Uma das perguntas que mais nos fizeram sobre as eleições de 10 de Março foi: o que fazem os deputados eleitos pelo círculo de Coimbra quando chegam ao parlamento? As questões mais simples são com frequência as de difícil resposta e este caso não é excepção – desde logo porque dos nove representantes do distrito e dos contactos que iniciámos em Fevereiro, através da Assembleia da República (AR) e das sedes dos partidos, recebemos apenas uma resposta. Este é o balanço possível ao trabalho feito nesta última (e curta) legislatura, através das iniciativas mais directas que promoveram ou subscreveram: projectos de lei, resoluções e perguntas ao Governo. Os grandes temas da cidade – como a nova maternidade ou o metrobus – não entram nesta lista, mas tiveram algum acompanhamento, entre comissões, reuniões, intervenções públicas e visitas. São também assuntos que, como parte dos deputados, se mantêm há anos.

Nas últimas eleições, em 2022, o distrito de Coimbra elegeu nove representantes, distribuídos por duas forças políticas: seis pelo PS; três pelo PSD.

Parlamento (2017)

Vamos começar pelo grupo parlamentar em maioria e pelos deputados que voltam a estar este ano em lugares elegíveis. Os socialistas avançaram com a ex-ministra da Saúde Marta Temido, hoje presidente da comissão política da concelhia de Lisboa do partido, que assumiu o «reforço de uma cultura de humanização e melhoria contínua» dos hospitais como prioridade. O número dois foi Pedro Coimbra. Promovido este ano a adjunto da direcção do PS, soma oito anos consecutivos como deputado, eleito sempre pelo distrito e, na legislatura que agora termina, foi vice-presidente da Comissão de Economia, Obras Públicas, Planeamento e Habitação da AR. Há dois anos assumiu como grande bandeira a melhoria da mobilidade no distrito, com a conclusão de grandes obras, como o Sistema de Mobilidade do Mondego, a A13 e a linha de Alta Velocidade. Volta a ser candidato, tal como Ricardo Lino e Raquel Ferreira. O primeiro, com um percurso de trabalho na Câmara Municipal, estreou-se na AR nas últimas eleições e assumiu como missão trazer para Coimbra a Capital Europeia da Cultura em 2027, mostrando-se também preocupado com a mobilidade e a ferrovia.
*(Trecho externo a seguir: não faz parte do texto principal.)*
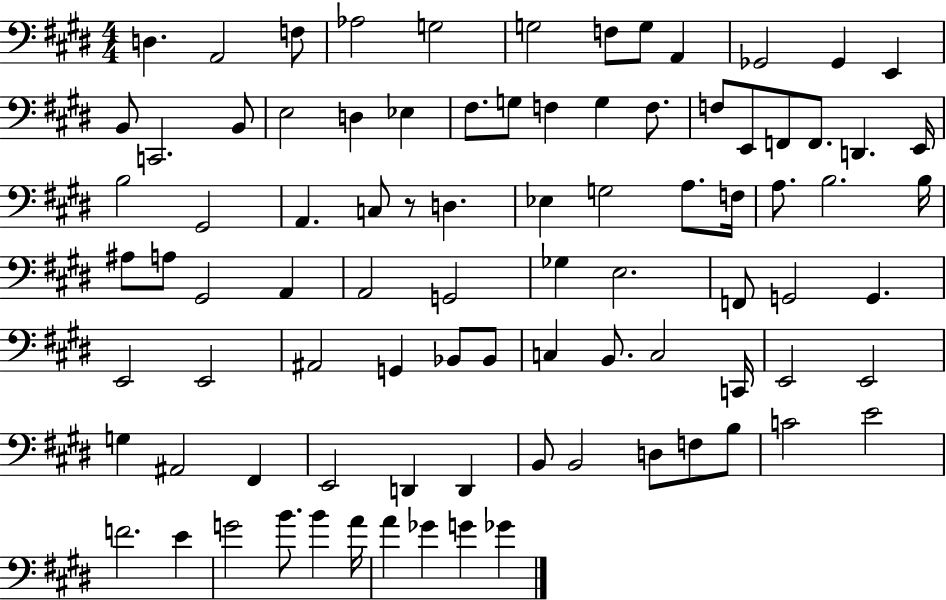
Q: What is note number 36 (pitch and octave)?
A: G3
Já Raquel Ferreira, advogada na Figueira da Foz, deputada desde 2020 e membro da Comissão de Ambiente e Energia, disse que iria levar a Lisboa os temas da erosão costeira, do Porto da Figueira da Foz e da Lagoa da Vela.

Dos nove representantes do distrito e dos contactos que iniciámos em Fevereiro, através da Assembleia da República (AR) e das sedes dos partidos, recebemos apenas uma resposta.

Deputado desde 2019, Tiago Estevão Martins deixa nestas eleições de figurar na lista do PS pelo círculo de Coimbra. Membro do Conselho Nacional de Educação e ex-vereador da CMC colocou na agenda o recrutamento de professores, o acesso ao emprego científico e o ciclo de acreditação de estudos. Ao nível distrital, destacou o acompanhamento das obras na região – um ponto também na lista de prioridades de José Carlos Alexandrino, que depois de 12 anos como presidente da Câmara Municipal de Oliveira do Hospital, entrou pela primeira vez na AR há dois anos com o objectivo de chamar a atenção para os territórios do interior e de baixa intensidade. Nesta candidatura às eleições surge como suplente. Quem cumpriu o quê?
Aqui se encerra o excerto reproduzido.